# Aim of the task:
Upon reaching the line containing "Медикаментозный аборт - вопрос по выделениям", output that line and all remaining lines exactly, through the end of the entries, and output nothing before it.

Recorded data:
.....
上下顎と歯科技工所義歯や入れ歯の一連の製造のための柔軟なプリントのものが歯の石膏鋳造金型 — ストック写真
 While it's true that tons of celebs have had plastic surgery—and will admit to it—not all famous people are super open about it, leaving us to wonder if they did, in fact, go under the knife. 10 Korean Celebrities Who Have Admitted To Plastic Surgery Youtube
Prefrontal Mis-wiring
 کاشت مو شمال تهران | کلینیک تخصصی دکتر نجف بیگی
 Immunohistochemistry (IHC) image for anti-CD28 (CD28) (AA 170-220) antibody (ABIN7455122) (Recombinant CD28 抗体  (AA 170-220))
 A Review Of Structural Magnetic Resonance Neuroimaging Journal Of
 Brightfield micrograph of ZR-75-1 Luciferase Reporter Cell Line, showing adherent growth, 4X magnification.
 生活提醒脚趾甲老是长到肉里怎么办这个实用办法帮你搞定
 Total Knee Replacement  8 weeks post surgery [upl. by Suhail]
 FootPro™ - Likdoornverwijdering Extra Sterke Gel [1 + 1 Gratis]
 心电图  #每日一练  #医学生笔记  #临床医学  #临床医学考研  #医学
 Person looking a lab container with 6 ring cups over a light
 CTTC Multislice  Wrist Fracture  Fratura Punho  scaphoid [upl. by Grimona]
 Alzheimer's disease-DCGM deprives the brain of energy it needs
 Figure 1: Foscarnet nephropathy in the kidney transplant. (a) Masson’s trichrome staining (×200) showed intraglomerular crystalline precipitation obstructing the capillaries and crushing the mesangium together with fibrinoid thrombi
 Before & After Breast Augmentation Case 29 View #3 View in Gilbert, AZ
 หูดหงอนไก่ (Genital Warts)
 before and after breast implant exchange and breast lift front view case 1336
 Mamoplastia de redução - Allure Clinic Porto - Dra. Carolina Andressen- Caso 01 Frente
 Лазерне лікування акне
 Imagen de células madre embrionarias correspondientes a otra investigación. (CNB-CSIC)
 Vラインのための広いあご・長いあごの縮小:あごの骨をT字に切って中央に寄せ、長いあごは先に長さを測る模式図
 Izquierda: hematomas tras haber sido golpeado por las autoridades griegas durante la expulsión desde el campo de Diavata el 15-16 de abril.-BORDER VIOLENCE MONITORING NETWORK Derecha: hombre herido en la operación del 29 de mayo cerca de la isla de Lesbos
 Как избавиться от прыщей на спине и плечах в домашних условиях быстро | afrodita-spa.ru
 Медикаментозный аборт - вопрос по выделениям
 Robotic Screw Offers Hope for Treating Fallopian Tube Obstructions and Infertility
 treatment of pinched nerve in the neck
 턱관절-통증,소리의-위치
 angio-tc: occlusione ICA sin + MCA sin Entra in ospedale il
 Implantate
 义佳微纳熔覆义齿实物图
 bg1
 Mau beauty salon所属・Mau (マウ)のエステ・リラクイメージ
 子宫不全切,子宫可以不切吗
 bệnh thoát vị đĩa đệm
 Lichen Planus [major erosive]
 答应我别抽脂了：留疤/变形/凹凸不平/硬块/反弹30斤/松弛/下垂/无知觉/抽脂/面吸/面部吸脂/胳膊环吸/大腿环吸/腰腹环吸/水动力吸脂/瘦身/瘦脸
.....
# Task output:
 Медикаментозный аборт - вопрос по выделениям
 Robotic Screw Offers Hope for Treating Fallopian Tube Obstructions and Infertility
 treatment of pinched nerve in the neck
 턱관절-통증,소리의-위치
 angio-tc: occlusione ICA sin + MCA sin Entra in ospedale il
 Implantate
 义佳微纳熔覆义齿实物图
 bg1
 Mau beauty salon所属・Mau (マウ)のエステ・リラクイメージ
 子宫不全切,子宫可以不切吗
 bệnh thoát vị đĩa đệm
 Lichen Planus [major erosive]
 答应我别抽脂了：留疤/变形/凹凸不平/硬块/反弹30斤/松弛/下垂/无知觉/抽脂/面吸/面部吸脂/胳膊环吸/大腿环吸/腰腹环吸/水动力吸脂/瘦身/瘦脸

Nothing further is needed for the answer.